EXERCISE DESCRIPTION -
Copy out the data below from the line containing "پرنده تزئینی" to the line containing "Adrian Ghenie Darwin&#039;s", both lines included, with all images left out.

DATA FOR THIS EXERCISE -
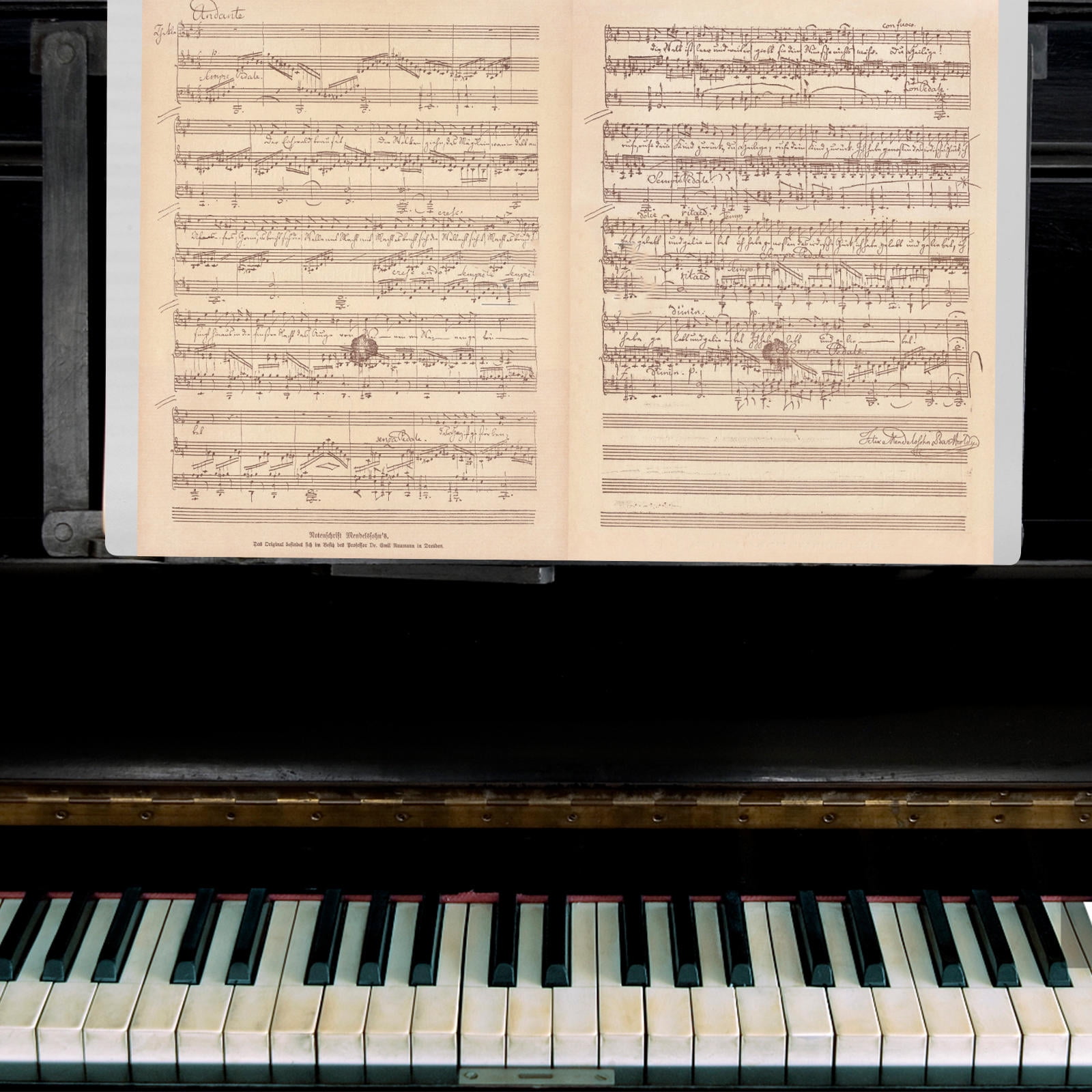 Masteelf Choir Folder Music Folder Music File Folder Music Folder Piano ...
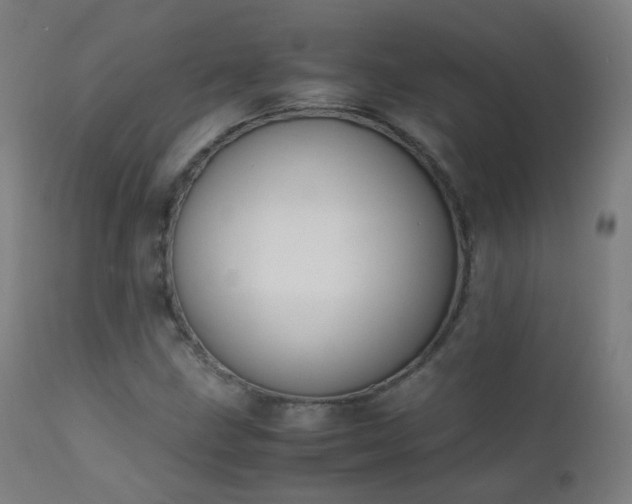 X0000111371211200907171150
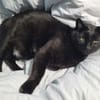 M. Chat
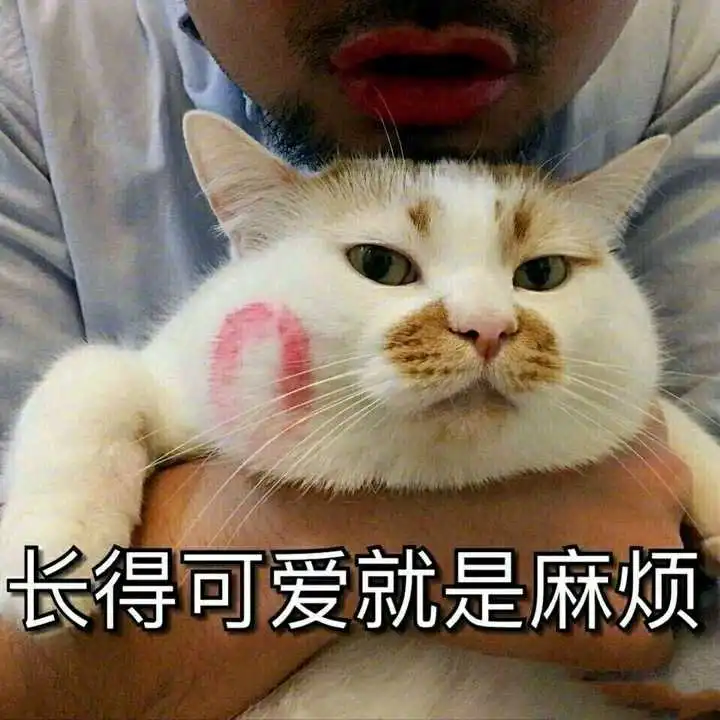 王霖滔的想法有哪些讲给女朋友的睡前甜甜小故事
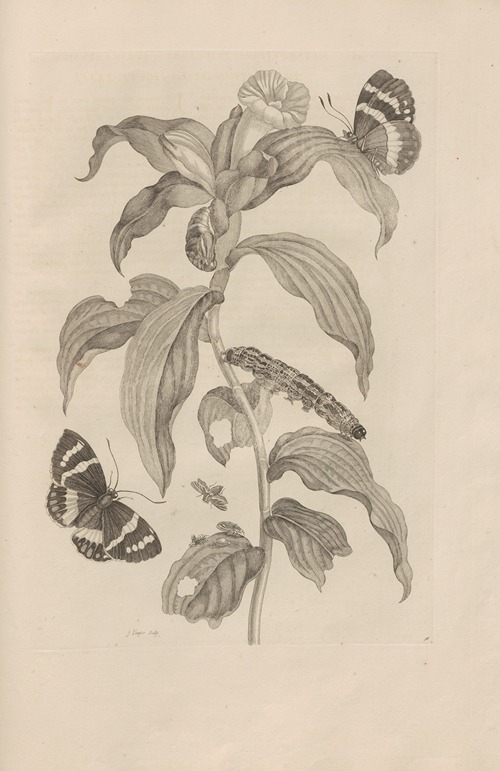 Dissertatio de generatione et metamorphosibus insectorum surinamensium Pl.36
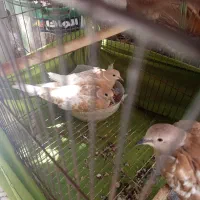 پرنده تزئینی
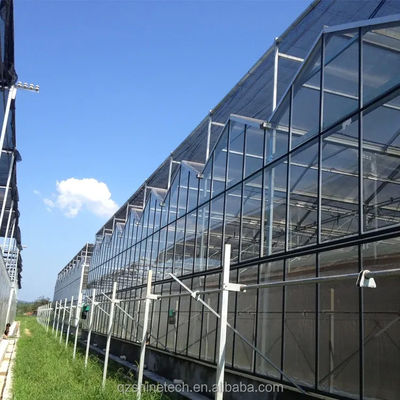 Große landwirtschaftliche intelligente Holland Gewächshaus Glas für Tomaten Gurke Salat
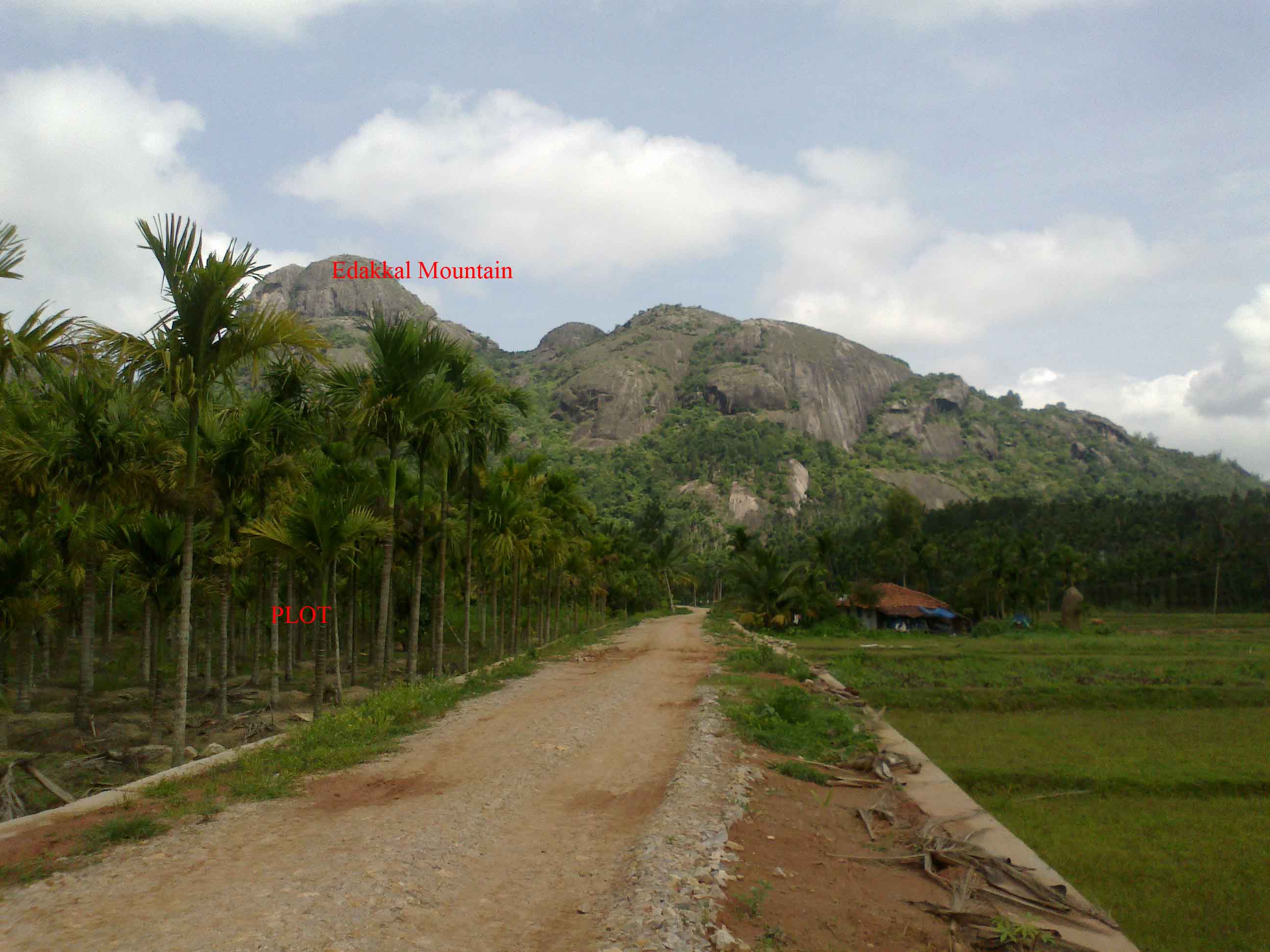 20 cent scenic plot for sale in wayanad , kerala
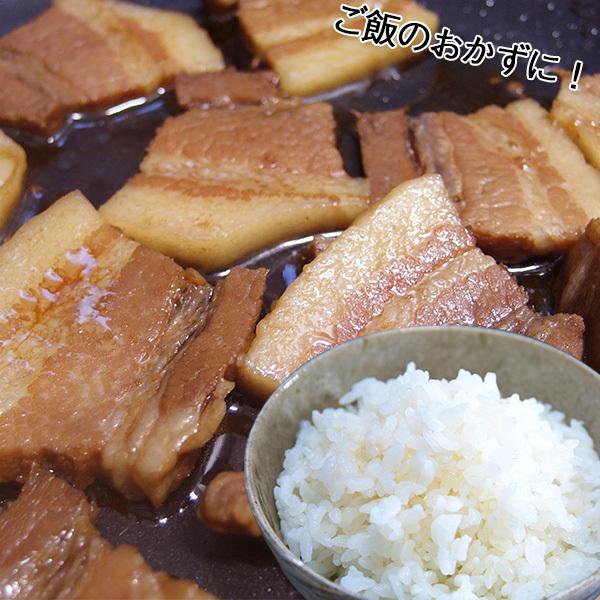 角煮 豚バラ角煮風 | ポイント交換のPeX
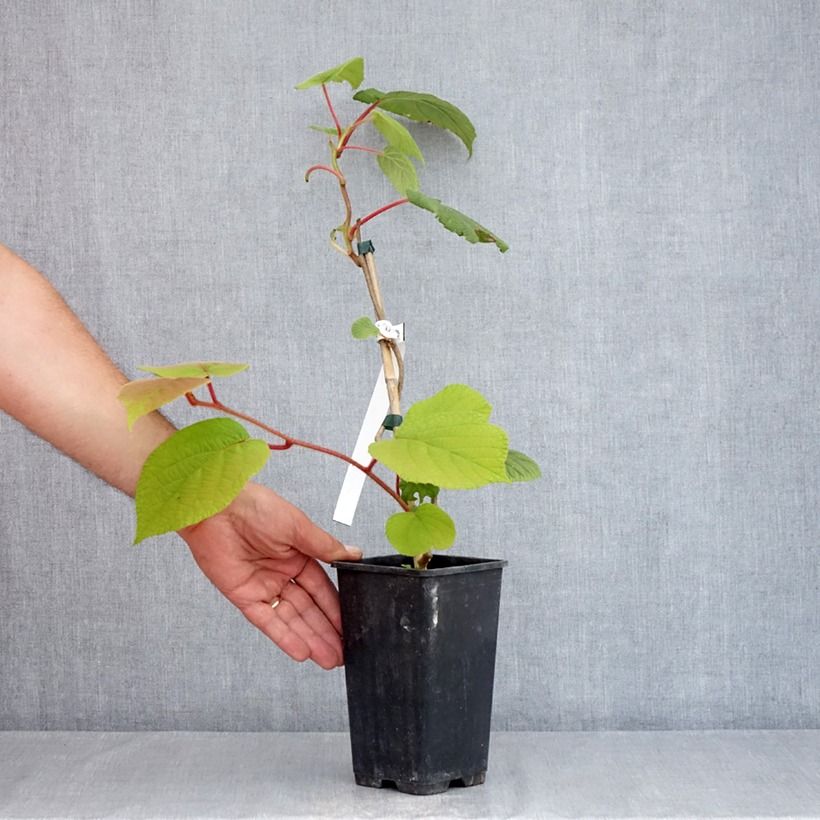 Esemplare di Kiwi Actinidia chinensis Vaso da 1,5L/2L consegnato in estate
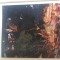Adrian Ghenie Darwin&#039;s room album pictura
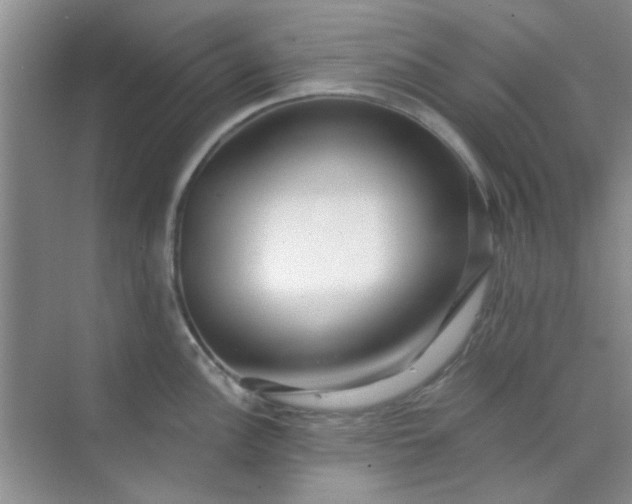 X0000070241148200606161839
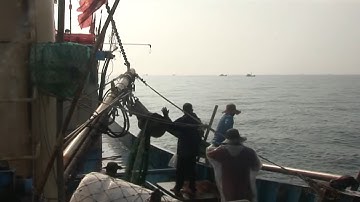 Tin Tức 24h Mới Nhất : Nỗi lo tàu giã cào tận diệt nguồn hải sản ở Quảng Ngãi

SOLUTION TO THIS PROBLEM -
 پرنده تزئینی
 Große landwirtschaftliche intelligente Holland Gewächshaus Glas für Tomaten Gurke Salat
 20 cent scenic plot for sale in wayanad , kerala
 角煮 豚バラ角煮風 | ポイント交換のPeX
 Esemplare di Kiwi Actinidia chinensis Vaso da 1,5L/2L consegnato in estate
Adrian Ghenie Darwin&#039;s room album pictura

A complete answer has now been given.